§ Your goal: Leave the pictures out and reproduce all the entries word for word.
⟨
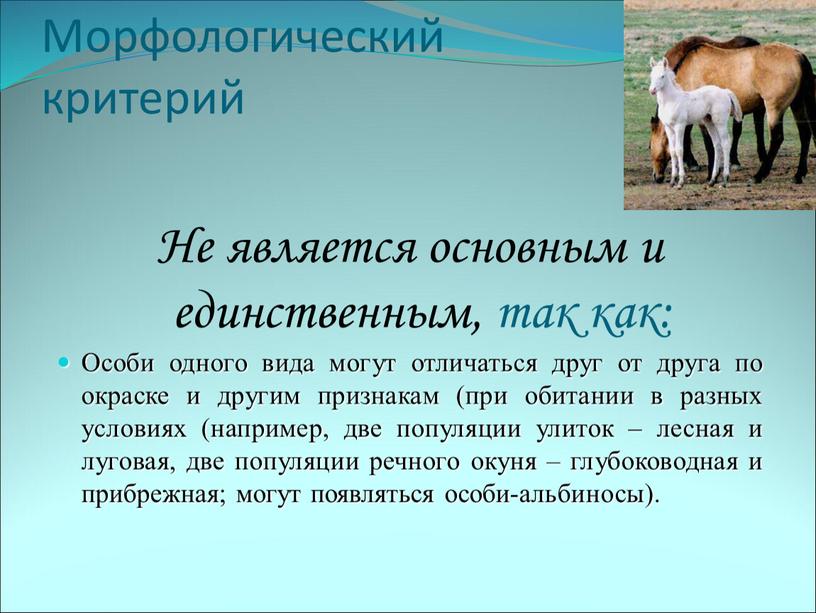 Морфологический критерий Не является основным и единственным, так как:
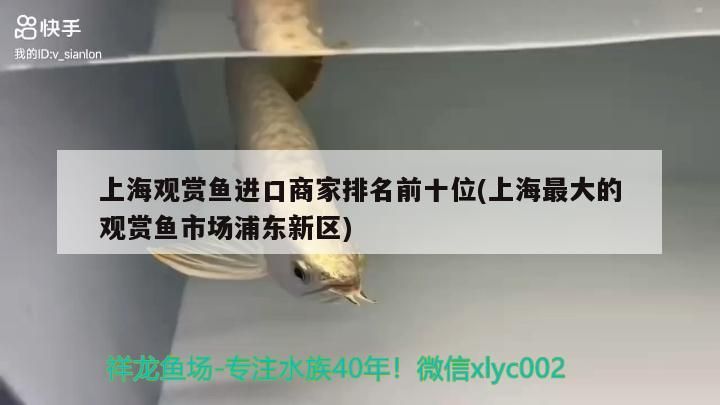 上海觀賞魚進口商家排名前十位(上海最大的觀賞魚市場浦東新區)（上海觀賞魚進口商家排名）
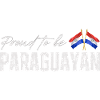 Paraguayan pride, Paraguayan flag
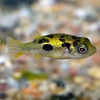 Indian Dwarf Pea Puffer
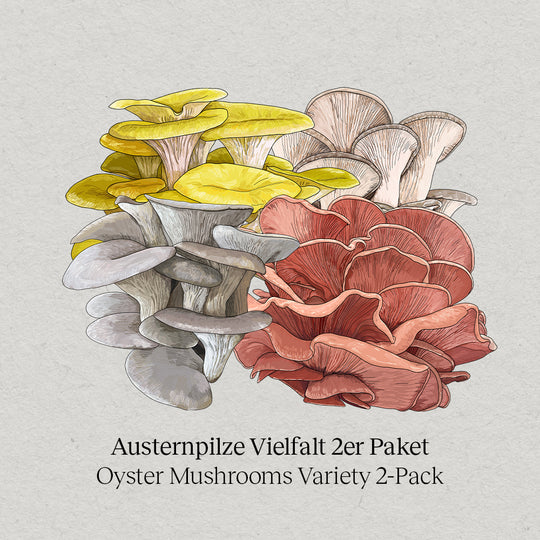 Oyster mushroom variety pack of 2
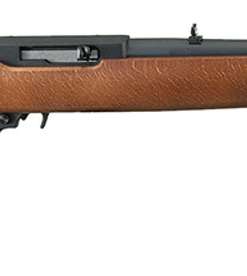 Ruger 10/22 Carbine .22 LR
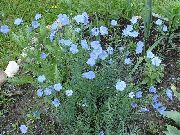 Linum Yıllık açık mavi çiçek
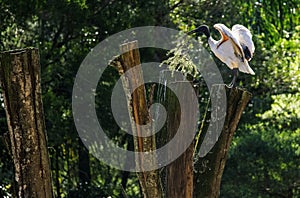 An Australian White Ibis (Threskiornis molucca) carrying nesting material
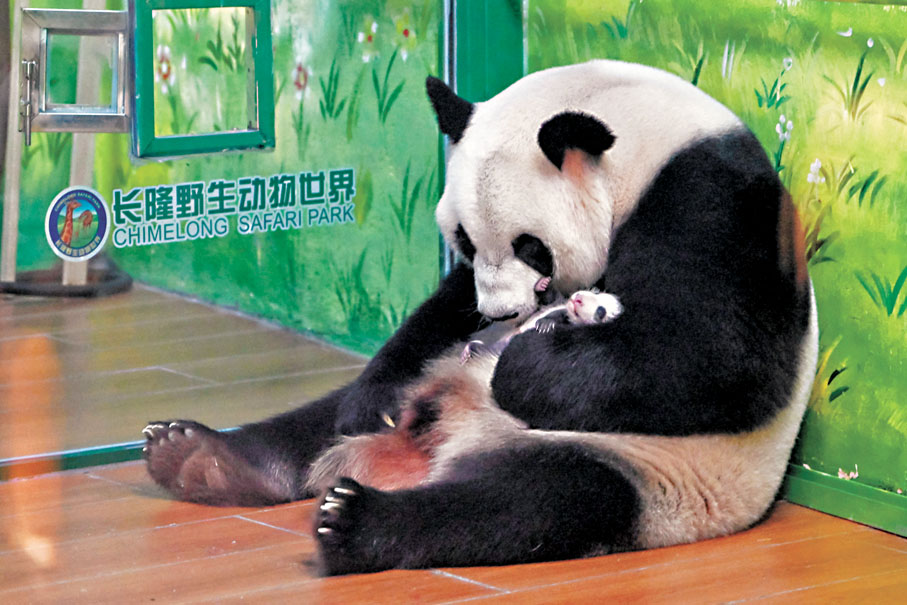 ◆萌萌抱着剛滿月的幼崽。   中新社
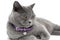 Portrait of a gray cat in a purple collar. white background.
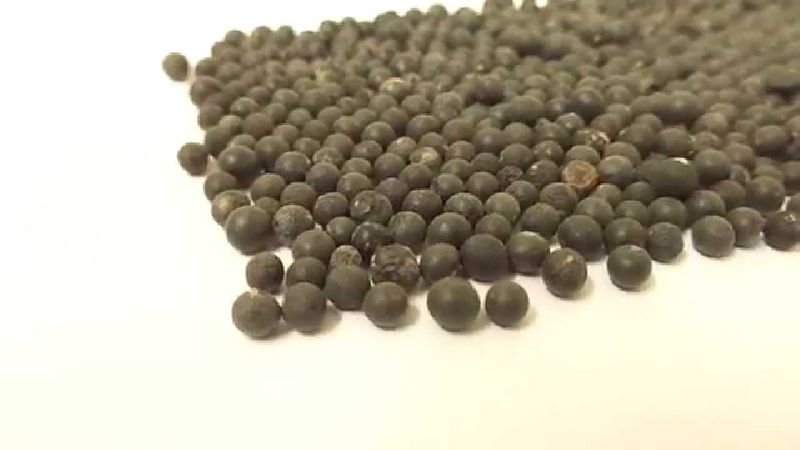 Organic Yellow Shatavari Seeds, Packaging Size : 15-20kg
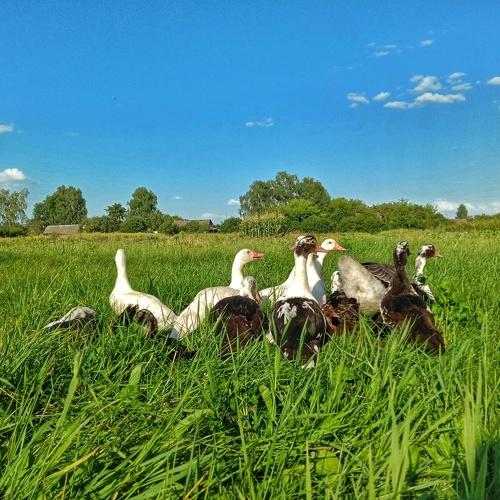 Photo #5032214
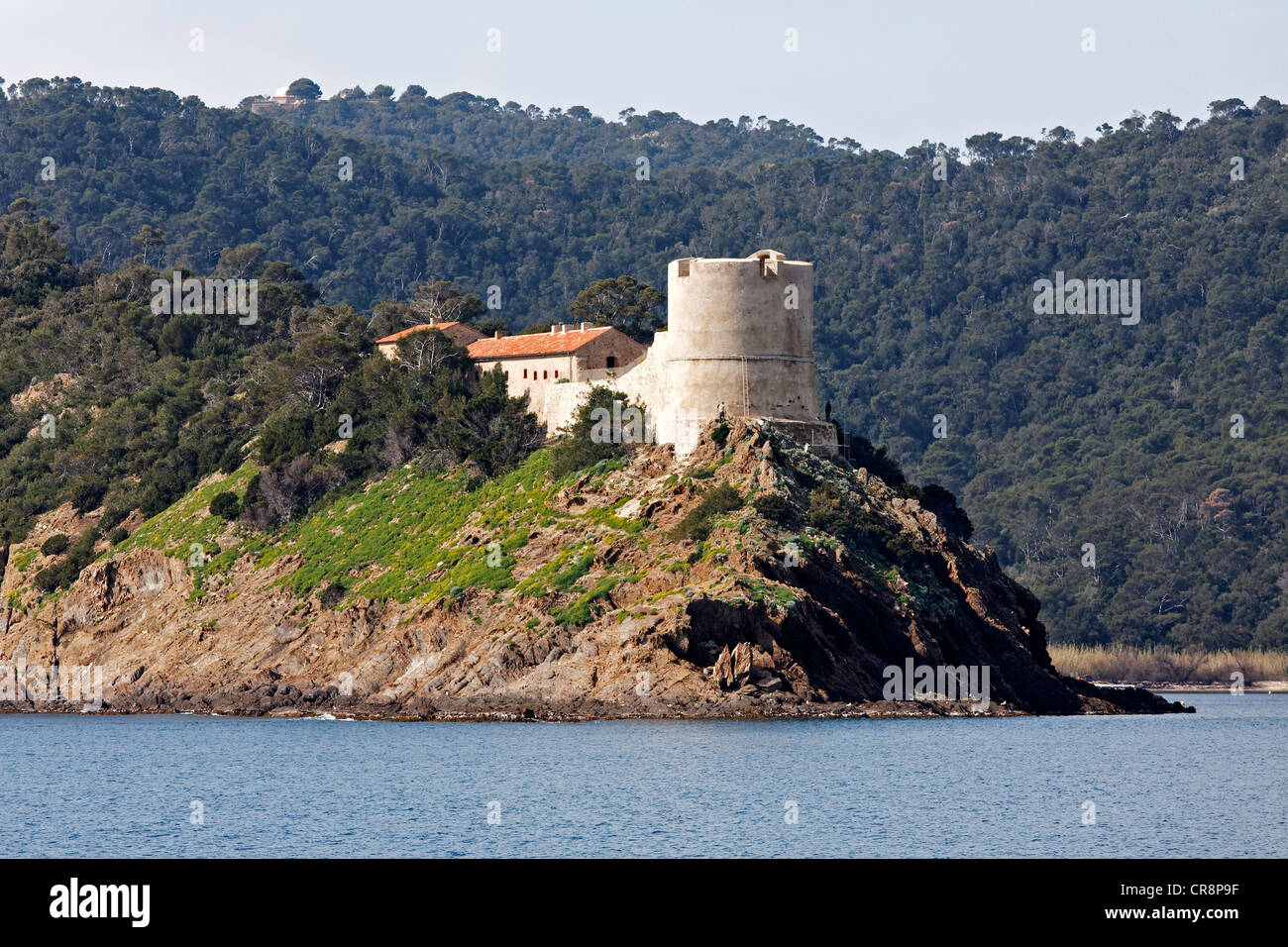 Old fortress of Port-Man on a cliff, Port-Cros National Park, Iles d'Hyères islands, Provence-Alpes-Côte d'Azur, France, Europe Stock Photo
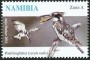 动物:非洲:纳米比亚:na201415.jpg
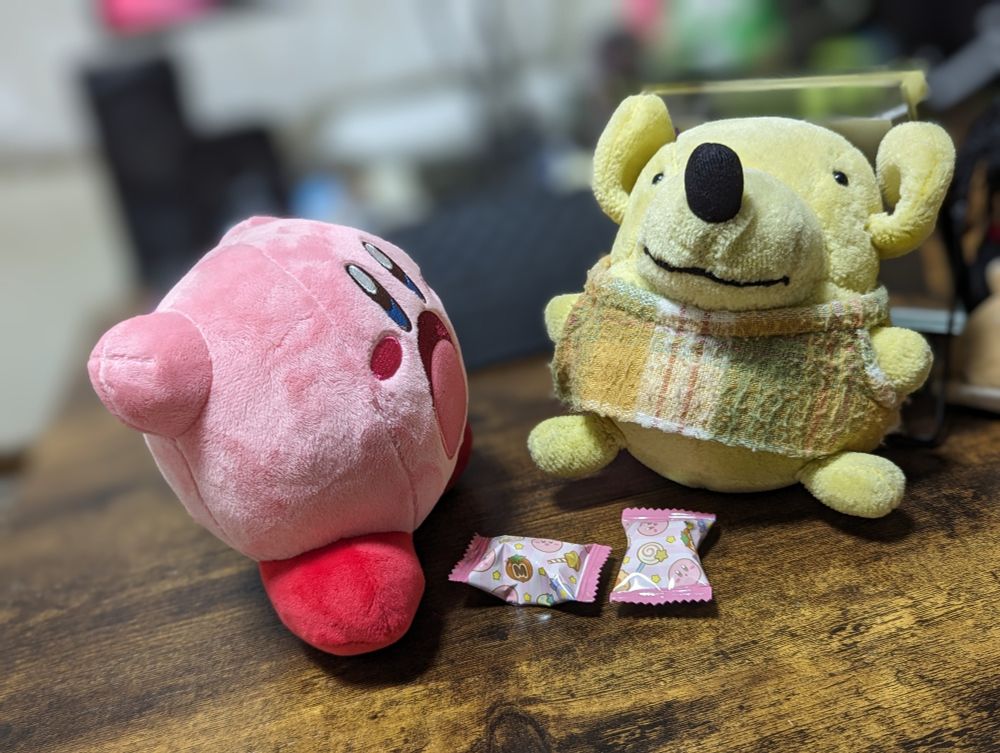 カービィに吸い込まれるぽち
ぬいぐるみ部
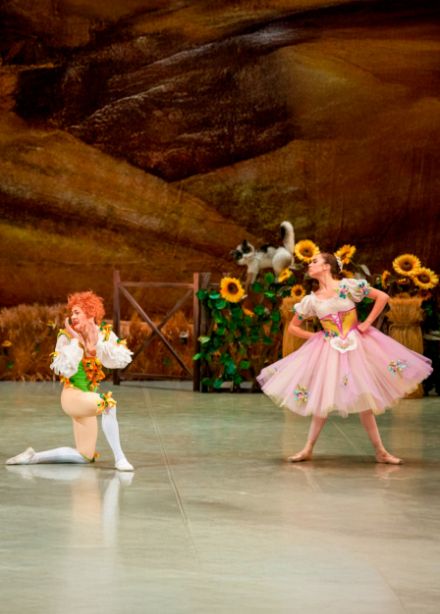 Тщетная предосторожность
⟩
§ Reply to the exercise:
 Морфологический критерий Не является основным и единственным, так как:
 上海觀賞魚進口商家排名前十位(上海最大的觀賞魚市場浦東新區)（上海觀賞魚進口商家排名）
 Paraguayan pride, Paraguayan flag
 Indian Dwarf Pea Puffer
 Oyster mushroom variety pack of 2
 Ruger 10/22 Carbine .22 LR
 Linum Yıllık açık mavi çiçek
 An Australian White Ibis (Threskiornis molucca) carrying nesting material
 ◆萌萌抱着剛滿月的幼崽。   中新社
 Portrait of a gray cat in a purple collar. white background.
 Organic Yellow Shatavari Seeds, Packaging Size : 15-20kg
 Photo #5032214
 Old fortress of Port-Man on a cliff, Port-Cros National Park, Iles d'Hyères islands, Provence-Alpes-Côte d'Azur, France, Europe Stock Photo
 动物:非洲:纳米比亚:na201415.jpg
 カービィに吸い込まれるぽち
ぬいぐるみ部
 Тщетная предосторожность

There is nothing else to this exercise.